LAWS(KER)-1978-10-21

NARAYANA PANICKER Vs. SUB DIVISIONAL MAGISTRATE

Decided On October 31, 1978
NARAYANA PANICKER Appellant
V/S
SUB DIVISIONAL MAGISTRATE Respondents

JUDGEMENT

(1.) This application for contempt discloses a state of affairs not altogether happy, and in regard to which, we feel that no relief can be given to the petitioner in an application for contempt. It is unnecessary to state elaborately or in detail the facts of the proceedings, which started from 1124 M. E. and are still continuing to engage the attention of the courts. In 1124 M.E. the petitioner before us filed M.C. No. 29 of 1124 M.E. under S.143 of the Travancore Criminal Procedure Code (corresponding to S.145 of the Indian Code), in respect of a dispute as to possession between himself and the present 3rd respondent. Ext. P1 dated 15-6-1954 is the final order passed on that application finding the petitioner to be in possession. We skip the proceedings in the Munsiff's Court, Parur filed by the 3rd respondent, and the appeal and the other proceedings taken against the same, and notice Ext. P4 order dated 19-2-1976 passed by one of us (Balagangadharan Nair J), directing the Sub Divisional Magistrate to return possession of property to the petitioner. This application again was contested by the 3rd respondent. To that application the Village Officer who had been appointed Receiver in the course of the 145 proceedings was also a party. Despite this order, the petitioner seems to have been usable to secure actual possession of the property. Once again, there was occasion for the matter to come to this Court in a Revision Petition CRP. No.1698 of 1977. This Court found that the 3rd respondent and his sons are not entitled to resist petitioner's claim for possession as the Receiver appointed by the Magistrate's Court in 1124 M.E. had taken possession and the same had not been returned despite order of Court. On this ground, the learned Judge refused the relief for injunction against taking possession, prayed for by the 3rd respondent and his sons. These orders recognise the right to possession of the petitioner; and the petitioner's complaint in this application for contempt is that despite recognition of his right to obtain possession, the same is being denied to him and the orders of this Court are being disobeyed.

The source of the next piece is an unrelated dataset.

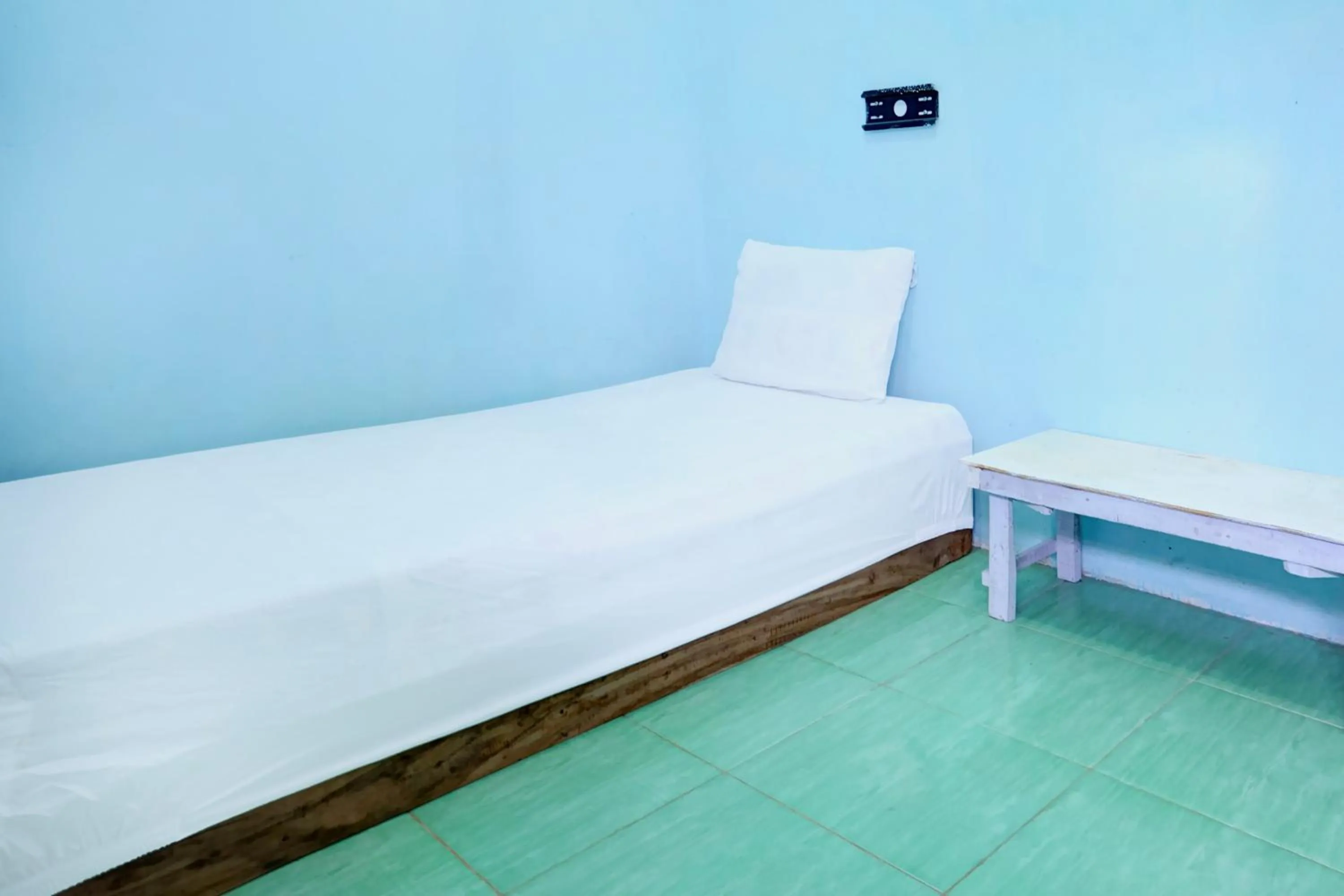 Bedroom, Bed in OYO Life 93017 Kost H Soeroso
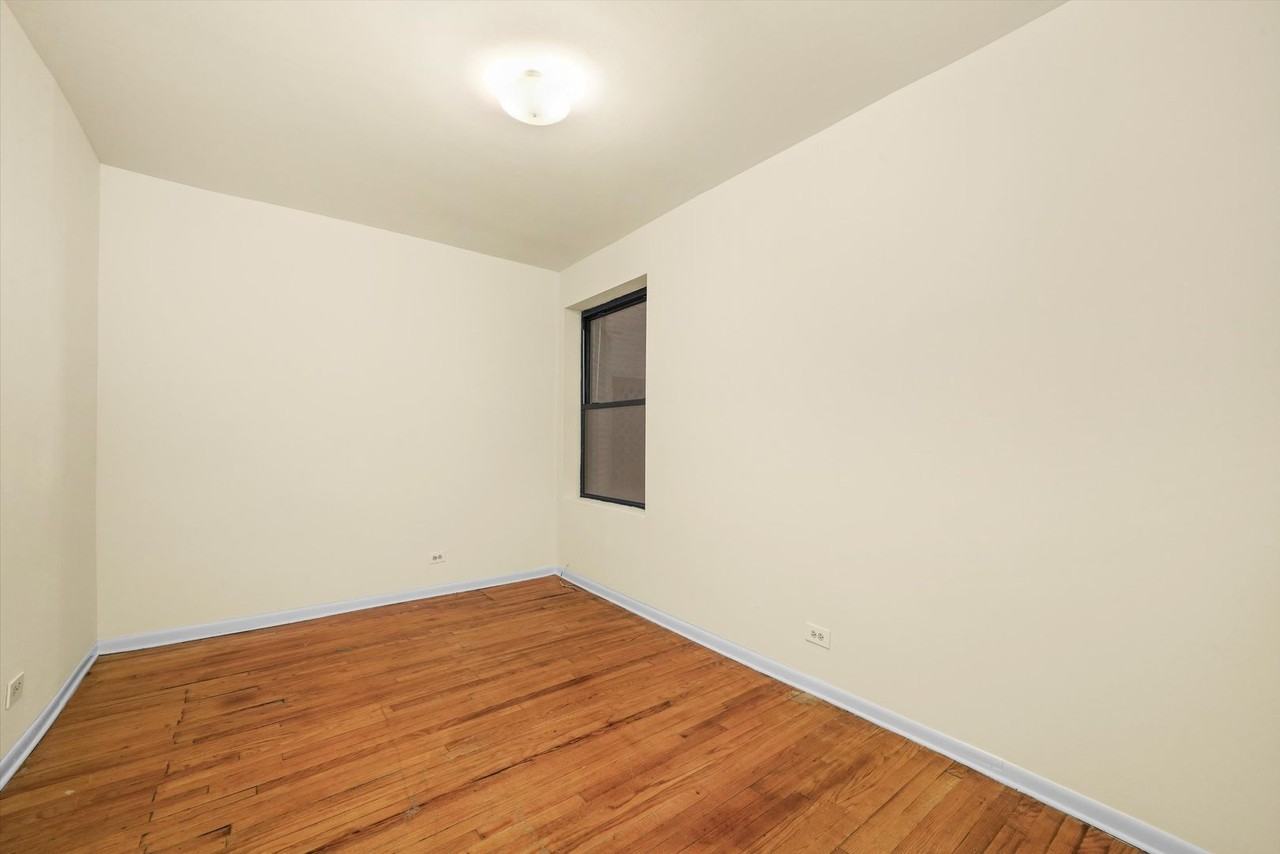 2319 N. Kedzie LP - Photo 4 of 17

(2.) The learned Advocate General on behalf of respondents 1 and 2 invited our attention to the counter affidavit of the 1st respondent, Para.8, and the counter affidavit of the 1st respondent, also Para.8. These paragraphs of the counter affidavits state that although there was a direction to give possession or recognition of the petitioner's possession of the property, from the S.145 proceedings initiated in 1124 on wards, nevertheless, the Village Officer who was appointed Receiver had lost possession, and the 3rd respondent is found to be in possession and in occupation of certain houses in the property. It is submitted that in the circumstances, the 3rd respondent cannot certainly be held guilty of disobedience or contempt of the order of this Court, whatever else may be the position disclosed. The learned Advocate General drew our attention to the recent decision of the Court of Appeal in In re Bramblevale Ltd. (1970 (1) Ch. 128 at p. 135) where, on somewhat different facts, the Court of Appeal recognised the principle that when the books which were directed to be produced in that case were damaged or lost in a car accident, even assuming the statement made about the accident and about the loss of the books is not true, that would not establish that the books were in the possession of the party sought to be proceeded against for contempt. The following passage is instructive:

(3.) In the light of the above principles of law, whatever be the reason for the unfortunate consequence, the position disclosed is that since the date of the order directing possession in favour of the petitioner and appointing the Village Officer as the Receiver of the property, the Receiver has lost possession and possession has gone to the hands of the 3rd respondent and his sons, and respondents 1 and 2 have reported to the Court that as they are living in the property in houses and have made improvements, there is grave danger in evicting them from the property. The learned Advocate General represented that appropriate proceedings will be taken against them. The land in question is not government land; and the remedy of filing a suit or taking other appropriate steps, we are assured, would be thought of. It has not been shown that the 2nd respondent lost possession, as indicated in the authorities noticed, through his negligence or contumacy. In the circumstances, we do not think that anything has been made out to hold respondents 1 and 2 guilty of contempt. (The 1st respondent is the Magistrate and the 2nd respondent is the Village Officer).